Manik depresyon tedavisinde kullanılan ana yöntemler arasında ilaç tedavisi, psikoterapi ve elektrokonvülzif terapi (EKT) yer alır.
· İlaç tedavisi, bipolar bozukluğun semptomlarını kontrol altına almada etkili bir yöntemdir. İlaçlar, mani ve depresyon semptomlarının kontrol altına alınmasına yardımcı olur. Tedavide en sık kullanılan ilaçlar arasında lityum, antikonvulsanlar, antipsikotikler ve antidepresanlar yer alır. Lityum, bipolar bozukluğun en etkili tedavi yöntemlerinden biridir ve mani ataklarını önlemeye yardımcı olur. Antikonvulsan ilaçlar, özellikle mani dönemlerinin tedavisinde kullanılırken, antipsikotik ilaçlar, manik semptomların tedavisinde ve bazı durumlarda depresyon semptomlarının tedavisinde kullanılır. Antidepresanlar, özellikle manik depresyon hastalığının depresyon semptomları için tedavi edilmesinde kullanılır.
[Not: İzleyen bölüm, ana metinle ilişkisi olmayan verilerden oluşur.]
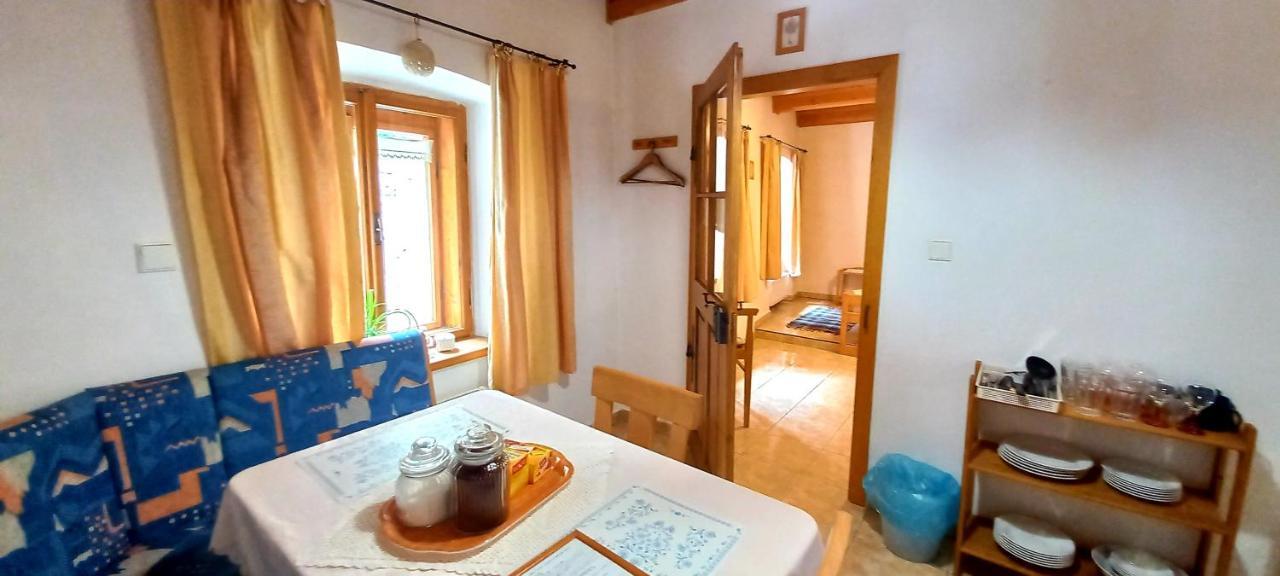 Penzion Merlin Cesky Krumlov Bagian luar foto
· Psikoterapi, manik depresyon tedavisinde etkili bir yöntemdir. Terapi, hastanın semptomlarını yönetmeye yardımcı olur ve hastalığın etkileriyle başa çıkmada destek sağlar. Kognitif davranışçı terapi (KDT) ve iptal terapisi (IT) manik depresyon tedavisinde en sık kullanılan terapi türleridir. KDT, hastanın düşünce ve davranışlarının bozukluğa neden olabileceği fikrine dayanırken, IT, duygusal olarak zorlu durumlarla başa çıkmayı öğretir.
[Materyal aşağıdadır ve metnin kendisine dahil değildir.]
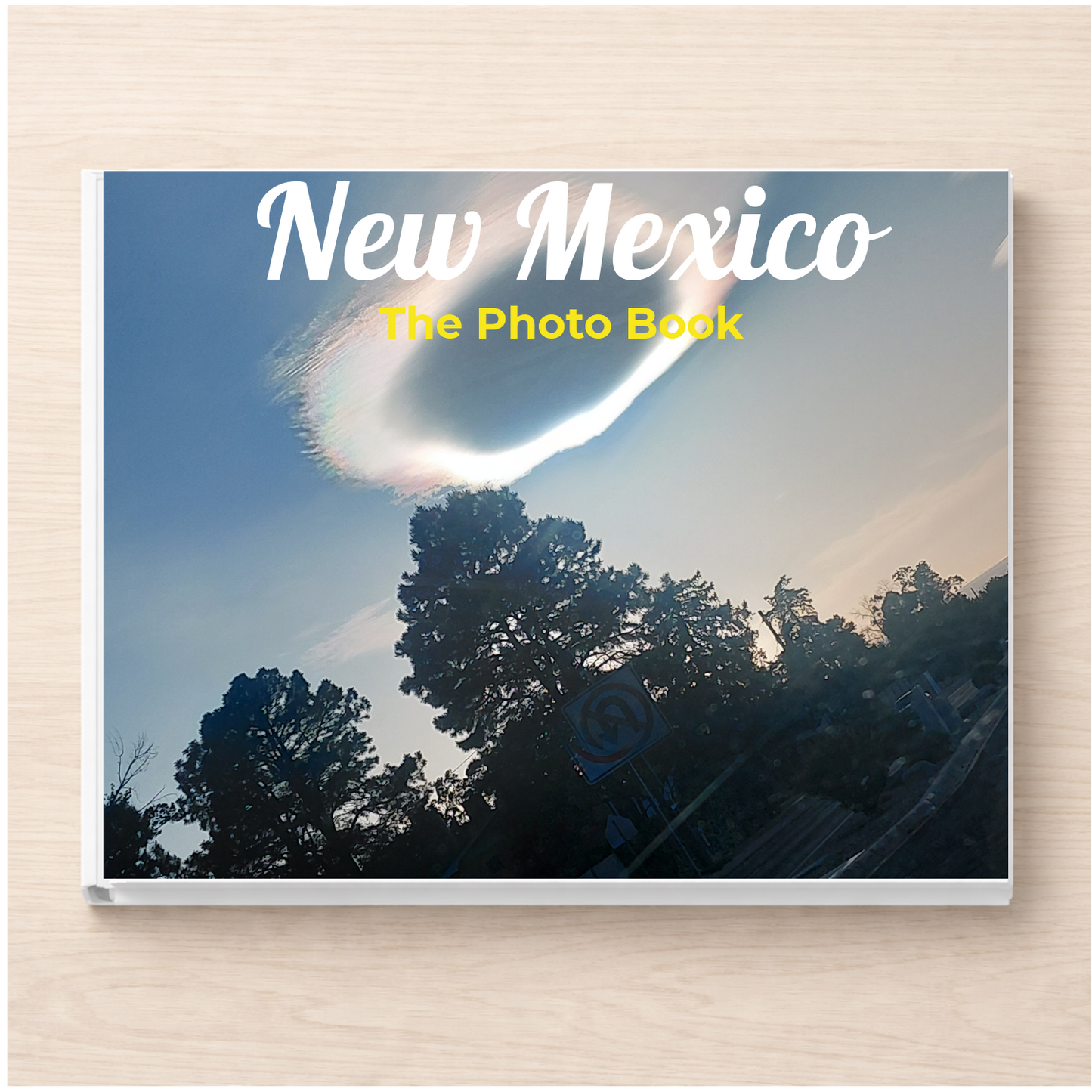 New Mexico: The Photo Book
· Elektrokonvülzif terapi (EKT), bipolar bozukluğun tedavisinde kullanılan diğer bir yöntemdir. EKT, beyindeki elektrik sinyallerini değiştirerek mani veya depresyon semptomlarını hafifletir. Bu yöntem, diğer tedavi yöntemleriyle başarısız olan veya ağır depresyon semptomları yaşayan hastalar için önerilir.
Manik depresyon tedavisinin etkinliği, hastanın tedaviye ne kadar erken başladığına, semptomların ciddiyetine ve tedaviye ne kadar düzenli devam ettiğine bağlıdır. Hastaların ilaçlarını düzenli olarak almaları, semptomların tekrarlanmasını önlemeye yardımcı olur.